▸ **Instructions to follow**:
Repeat everything in the data exactly except images.

▸ **Exercise data**:
++++++++++++++++++++
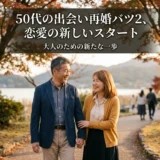 50代の出会い再婚バツ2、恋愛の新しいスタート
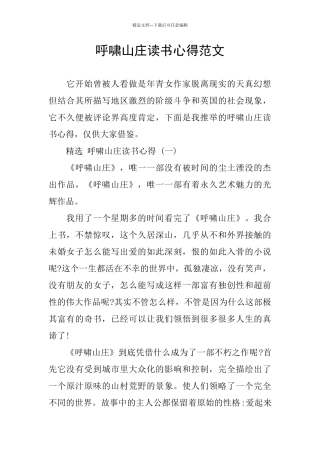 呼啸山庄读书心得范文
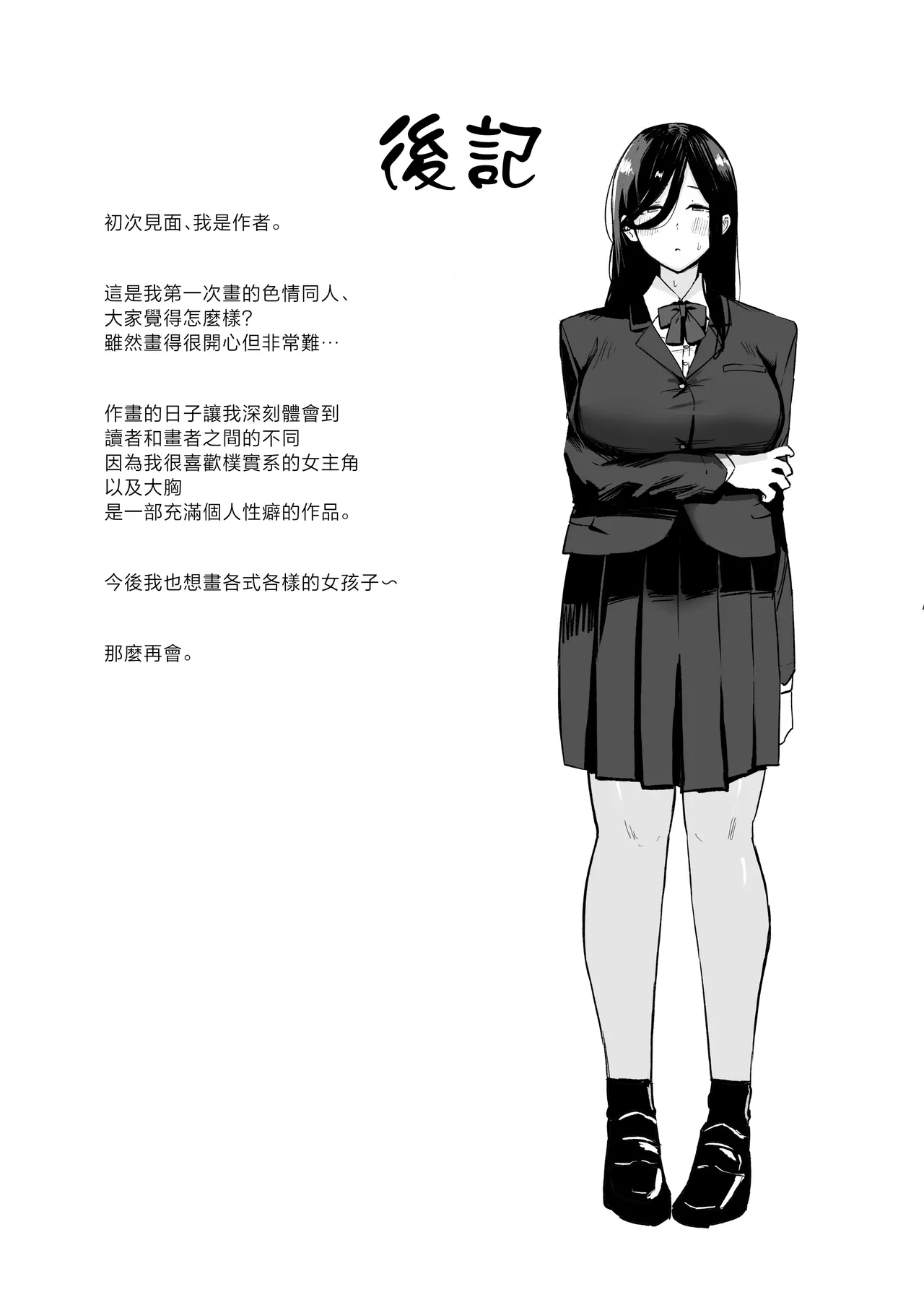zimi kei bakunyuu hirama tyan - Page 31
++++++++++++++++++++
▸ **Task output**:
 50代の出会い再婚バツ2、恋愛の新しいスタート
 呼啸山庄读书心得范文
zimi kei bakunyuu hirama tyan - Page 31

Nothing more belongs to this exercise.